The velocity amplitude decrease from 1.5 to 10 kpc is not consistent with H i clouds that have been accelerated by the wind and then launched on ballistic trajectories, and consequently demonstrate that an additional force is required. This is because the inferred outflow velocities of these clouds is on the order of 500–600 $\mathrm{km}\,{{\rm{s}}}^{-1}$ (for 80° disk inclination) at a projected height of 1.5 kpc and the mass of M82 is insufficient to slow the clouds by 50% from 1.5 kpc to 10 kpc.
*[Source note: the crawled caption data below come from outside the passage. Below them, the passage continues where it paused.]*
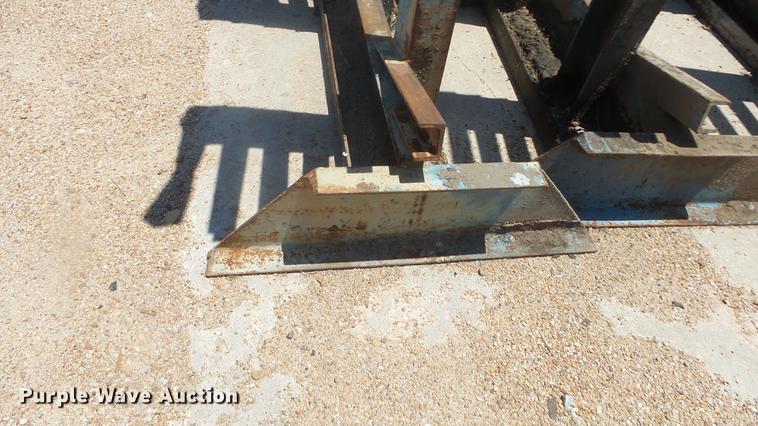 image for item EF9045 (18) steel pipe racks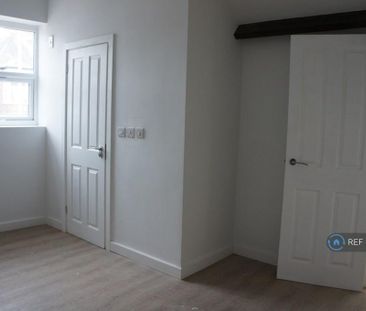 2 bedroom semi-detached house to rent - Photo 5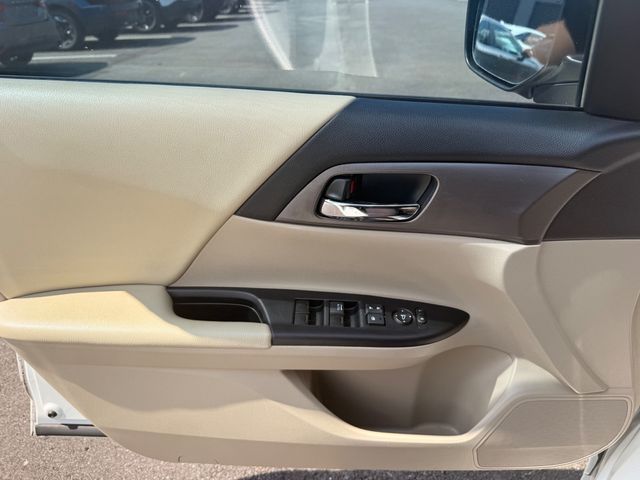2013 Honda Accord Sedan LX - 23042203 - 4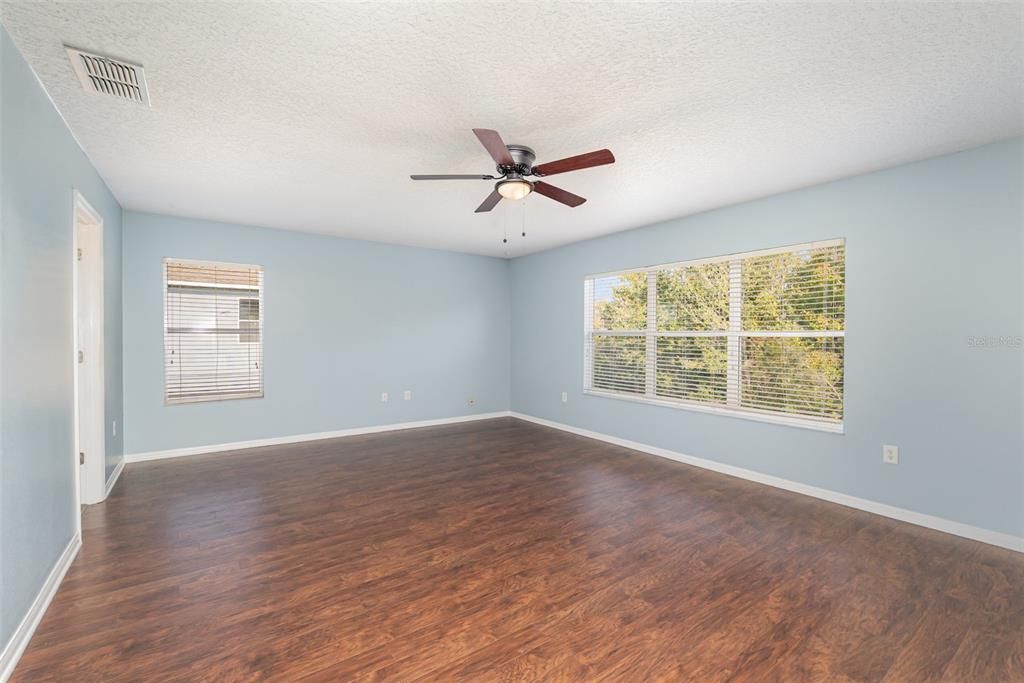 待售: $610,000 (4 贝兹, 2 浴室, 2332 平方英尺)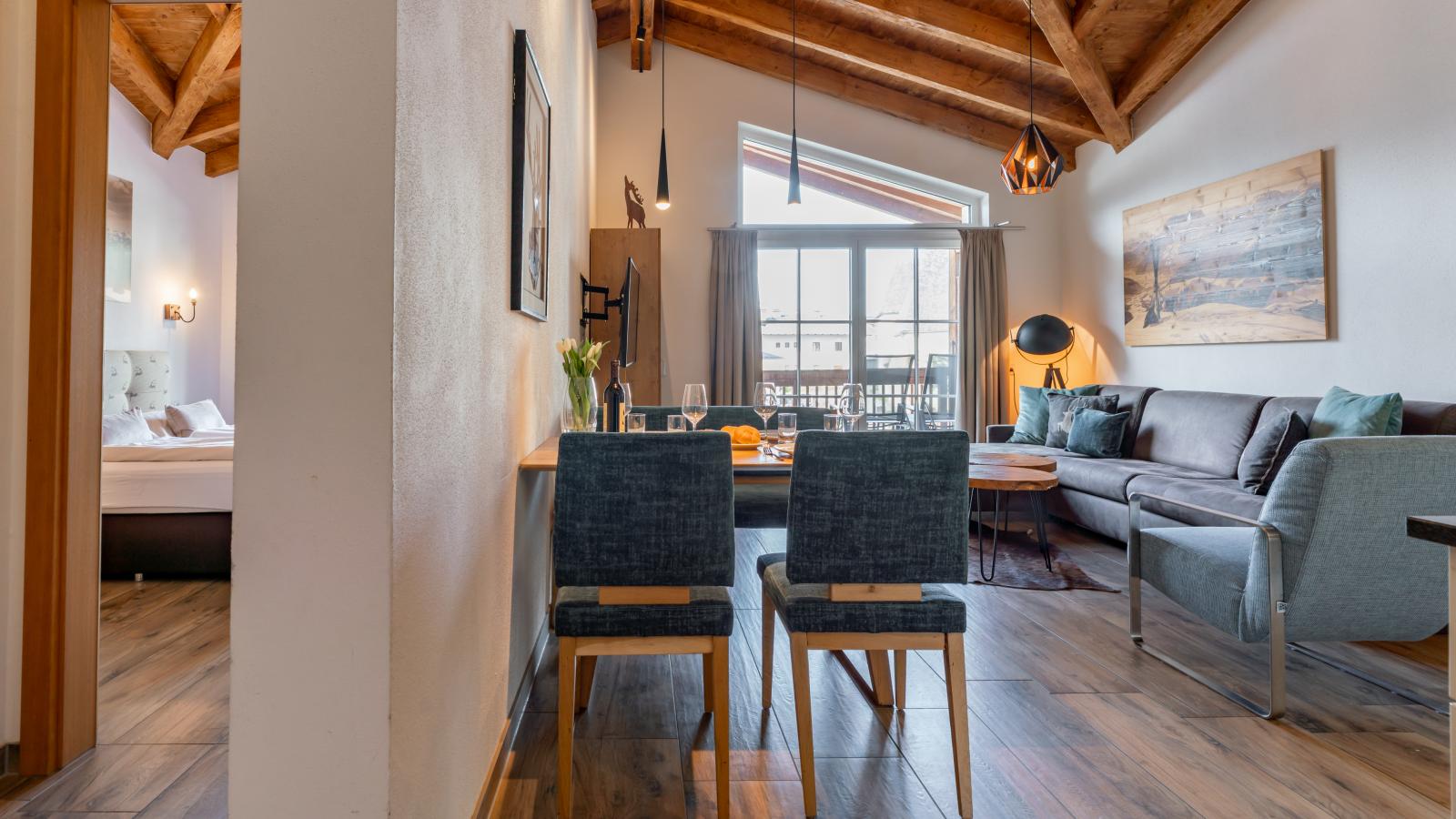 Tauern Suites Mitterwirt TOP 323-Woonkamer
This point is illustrated by the dashed lines in Figure 3. The lines show the projected velocity of a test particle calculated with galpy and the mass model for M82 developed in Section 3. The middle line shows the trajectory for a test particle on the symmetry axis of the bicone (at an angle of 10° relative to the plane of the sky) and the other lines show test particles at ±8° on the nominal edges of a cone with a 16° opening angle. The H i kinematics clearly decrease much faster than expected from gravitational forces alone. They are also inconsistent with cooling of the H i gas from the hot wind. H i produced from cooling in a hot wind should have the velocity of the hot wind, which Strickland & Heckman (2009) estimate to be as high as ∼2000 $\mathrm{km}\,{{\rm{s}}}^{-1}$. The H i kinematics also demonstrate that the cold H i clouds do not experience continual acceleration, nor even free expansion into the halo of M82.
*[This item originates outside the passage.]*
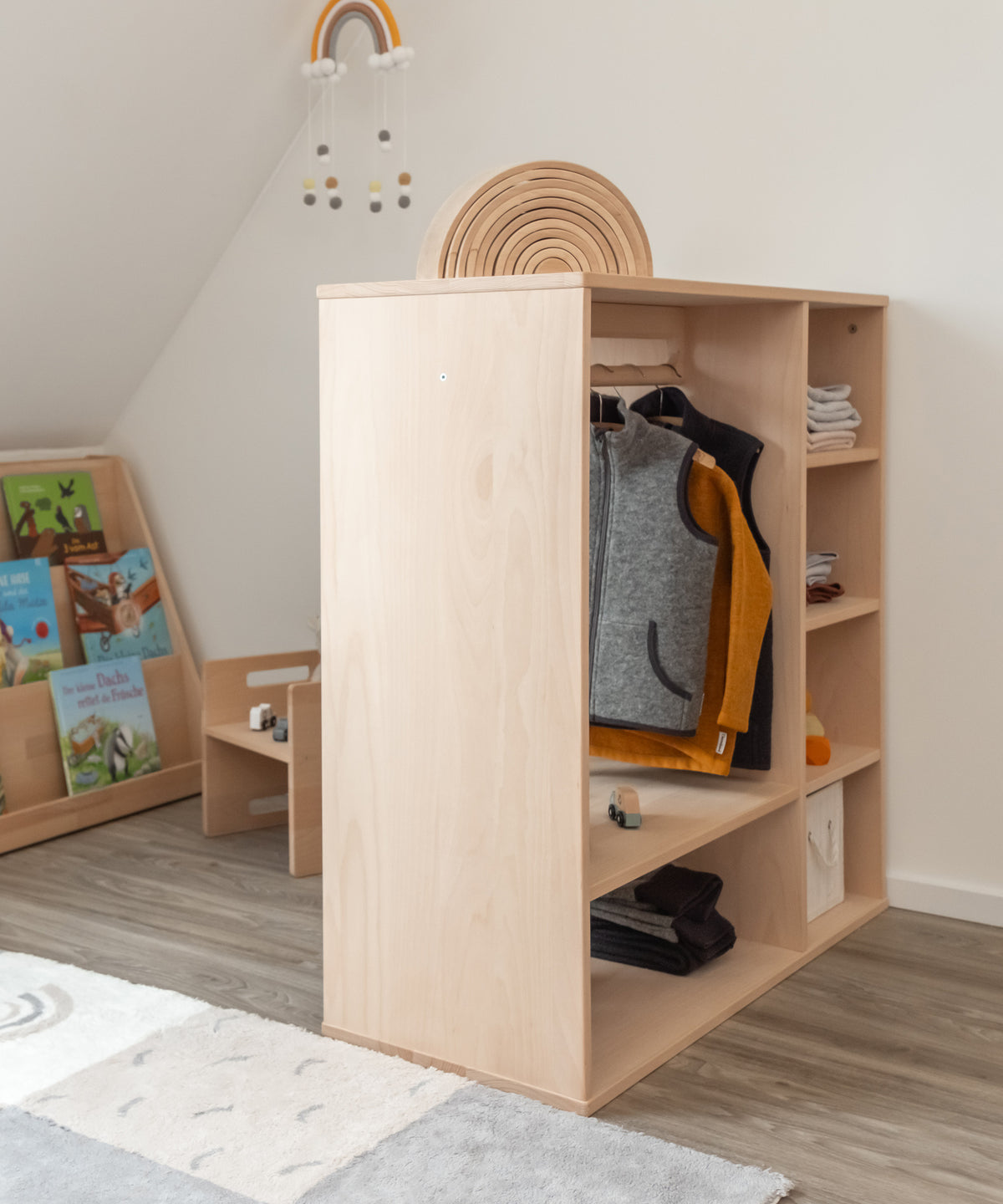 Montessori Kleiderschrank Buche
One possible explanation for this decrease in projected velocity is that the inclination of the bicone is substantially different from the stellar disk, as this would decrease the H i outflow velocity. We find that the H i velocities do diminish by the required amount from 1.5–5 kpc if the symmetry axis of the cone is tilted toward us by 30° relative to the plane of the sky. However, in this case the H i velocities continue to decrease to the systemic velocity, and do not reproduce the relatively flat velocity profile seen from 5–10 kpc. Other possible explanations include that the H i experiences some additional drag force, the H i does not represent a continuous stream of material, but instead is forming in situ (although not from the hot wind), and that the H i kinematics have been substantially affected by tidal interactions.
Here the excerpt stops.